Con Carlos Calderón Fajardo me ocurrió lo que sucede con tipos muy especiales, que uno lo encuentra por primera vez y pareciese que lo conoce de antiguo. Carlos era de esa especie sin espónsor, hombre arduo de trabajo y complicidades. Y como sabía de todo, callaba en ese su argumento de ser discreto, sin altavoces ni firuletes.
La mayoría de los escritores peruanos no son así. Salvo Ribeyro, los más son aspaventosos, estridentes y casi insoportables. Carlos más bien daba la talla de profesor de geografía en uno de los colegios de los llamados emblemáticos. Una vez nos habíamos sentado en mesas contiguas en el Café Haití de Miraflores. Lo reconocí porque ese verano de cuando yo tenía 26 años y era jefe de una sección de un diario local, conocía a todos. Me presenté y Carlos, quien yo sospechaba que no me conocía, sí sabía de qué pie cojeaba.
Y desde esa vez fuimos amigos con memoria incorporada porque hay camaradas que son tan buenos que no ocupan ni una quinta parte del almacén de los grandes afectos de uno. Es que son parte de uno, también. Y Carlos desde esa noche fue amigo con descuento por habernos conocido antes y ya había terminado su novela La colina de los árboles y venía con esa alharaca silenciosa de haber obtenido el concurso de cuento José María Arguedas y el premio Unanue de novela. Así que su intento por pasar inadvertido era fallido porque todos reconocían en él un talento contundente.
Yo recuerdo esa mesa del Haití donde conversamos de fútbol y de poesía. Luego se sentaría con nosotros el poeta Antonio Cisneros y terminamos cantando el vals Ventanita en el bar Berlín de unas cuadras más allá de la medianoche. Luego se fue a Europa y nos carteamos como hacen los socios de una corporación del cariño, de cuando en vez para no extrañarnos tanto.
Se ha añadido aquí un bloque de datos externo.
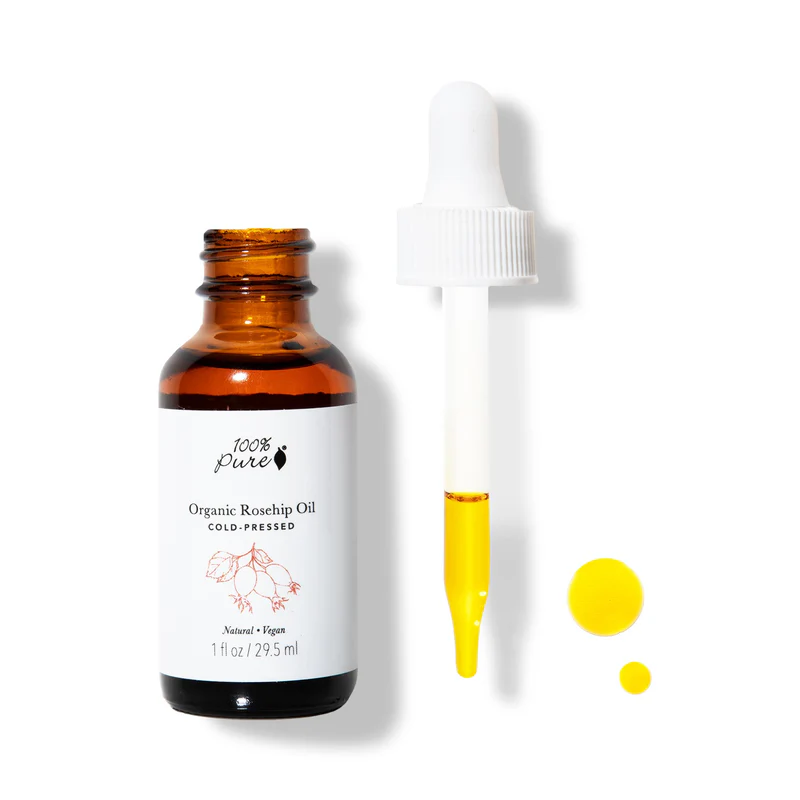 100% Pure Organic Rosehip Oil review and promo code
Carlos era sociólogo de la Católica y siempre estaba hablando de literatura porque le llegaba al nabo esa ciencia inexacta de las sociedades contrahechas. Igual, su explicación de su profesión lo encontraba mejor definida en las páginas policiales, en las telenovelas venezolanas, en las colas para pagar el teléfono, en los boleros de Guiller y en las películas del maestro Leonidas Zegarra. Entonces, por coincidir en una admiración o por concordar que Corín Tellado era mejor que Vargas Vila, nos cagábamos de risa.
En el 2011 nos encontramos en la casa de Jaime Gúzman Aranda, nuestro también amigo de los amigos en su casa de Nueva Chimbote. Guzmán era el gestor de la Feria del Libro de ese rincón entrañable y junto a otros escritores nos servimos un desayuno del pescador. Harto pescado y bastante cerveza. Entonces decidimos regresar a nuestra abandonada fe católica. Y esa noche, luego de la presentación de nuestros libros en la Plaza de Armas de Nuevo Chimbote que tiene un aire a la Plaza San Pedro en Roma partimos rutilantes a la Santa Sede a encontrar la purificación. La Santa Sede es el mejor prostíbulo del norte peruano y en esos pagos dejamos el infierno y fuimos salvados de ese pretexto nacional que los comunes llaman pecados y que los escritores moteamos de longanimidades de nuevo cuño.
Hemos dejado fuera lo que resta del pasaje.